Benjamin Hawkin represented the Appellant before the Court of Appeal in what is a rare case, both procedurally and substantively.

Whilst serving a term of imprisonment the Appellant was notified by the Secretary of State that she would not be pursuing deportation against him, on the basis that he was a British citizen. In due course he was released on licence and resumed life with his wife and two children. However, 5 years after her original decision not to deport the Appellant, the Secretary of State did commence the procedure, stating that she did not accept that he was a British citizen. The Secretary of State subsequently made a deportation order.

The Appellant appealed to the First-tier Tribunal (Immigration and Asylum Chamber), which allowed his appeal, accepting that he had been naturalised. However, the Secretary of State then appealed to the Upper Tribunal, which overturned the First-tier Tribunal’s determination, and substituted its own determination dismissing the Appellant’s appeal, as it did not accept that he was a British citizen, or that deportation would breach his rights under Article 8 of the ECHR.

The Appellant then applied for permission to appeal to the Court of Appeal.

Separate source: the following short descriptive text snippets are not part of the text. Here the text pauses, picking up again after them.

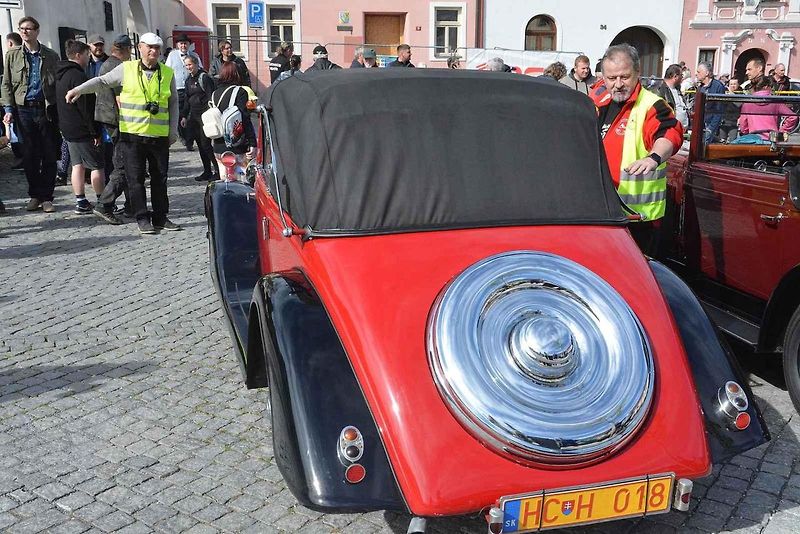 Stovka nablýskaných motocyklů a automobilů předválečné a meziválečné éry vyrazila v neděli z Horního náměstí v Přerově na spanilou jízdu regionem. Nejstarší účastnicí byla osmaosmdesátiletá Libuše Šulcová, která na trasu vyrazila na motocyklu BSA 770 se s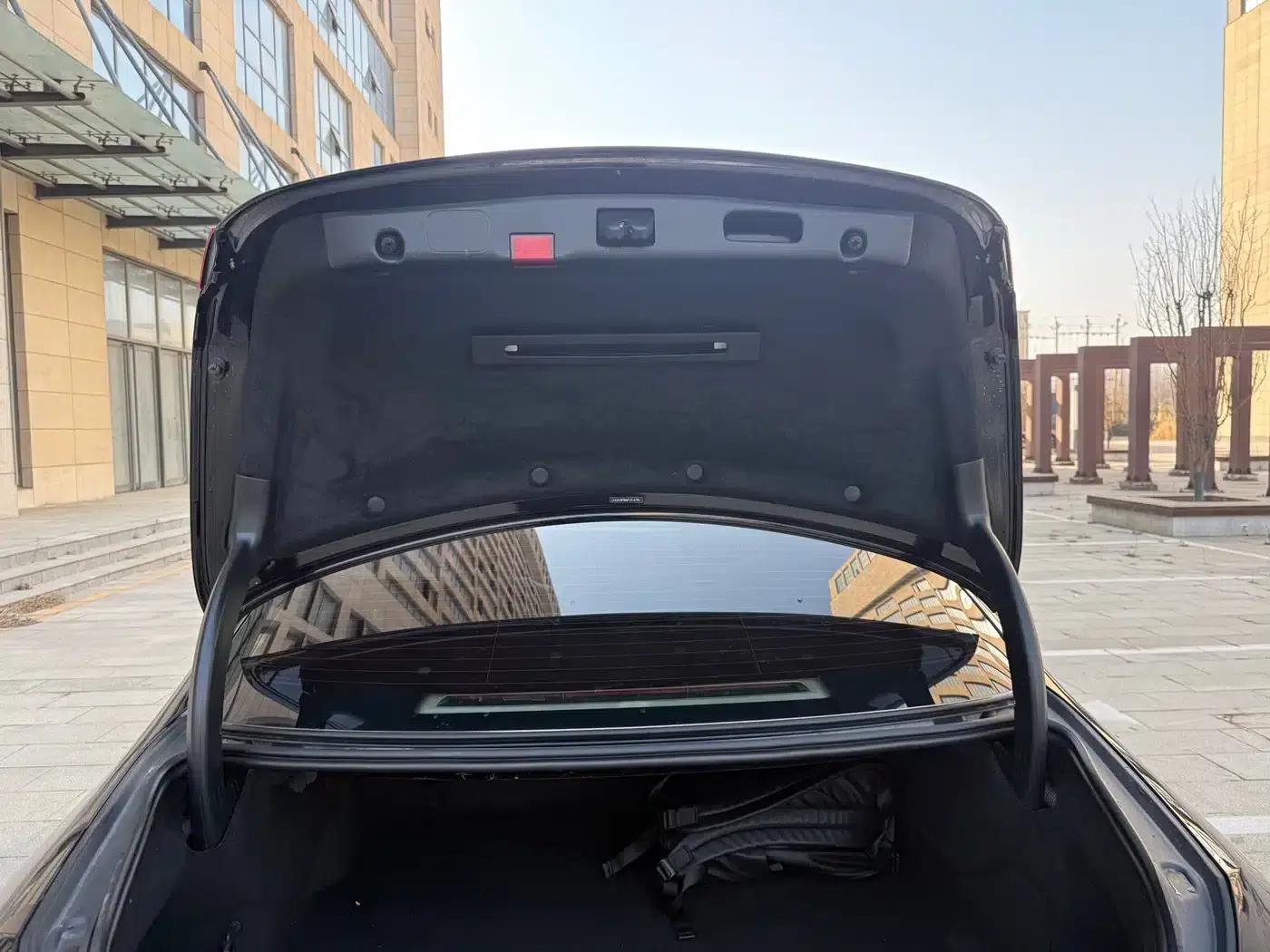 Mercedes-Benz E-Class PHEV 2022 E 350 e L Plug-in Hybrid Sedan — миниатюра 18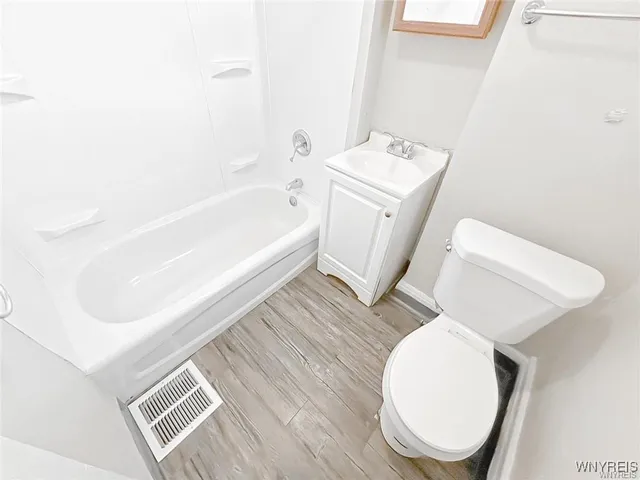 $1,100 | 533 24th Street, Niagara Falls, NY 14301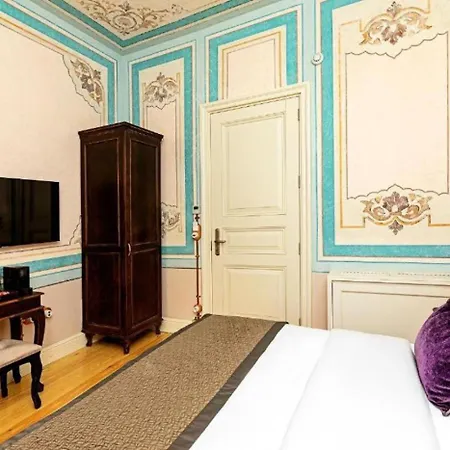 Meroddi Barnathan 3*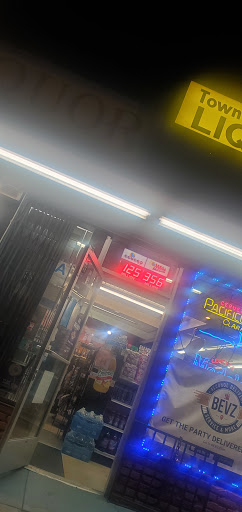 Town & Country Liquor Store, 2555 Fair Oaks Ave, Altadena, CA 91001, USA,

Bean LJ granted permission to appeal on paper against the Upper Tribunal’s consideration of the nationality issue, as well as permission to adduce fresh evidence in respect of it, but refused permission on the Article 8 grounds.

However, at a renewed oral permission hearing, Gloster LJ accepted that the Secretary of State’s prior decision not to deport was an unusual factor having an effect on the Article 8 balancing exercise, and so gave permission on the outstanding grounds as well.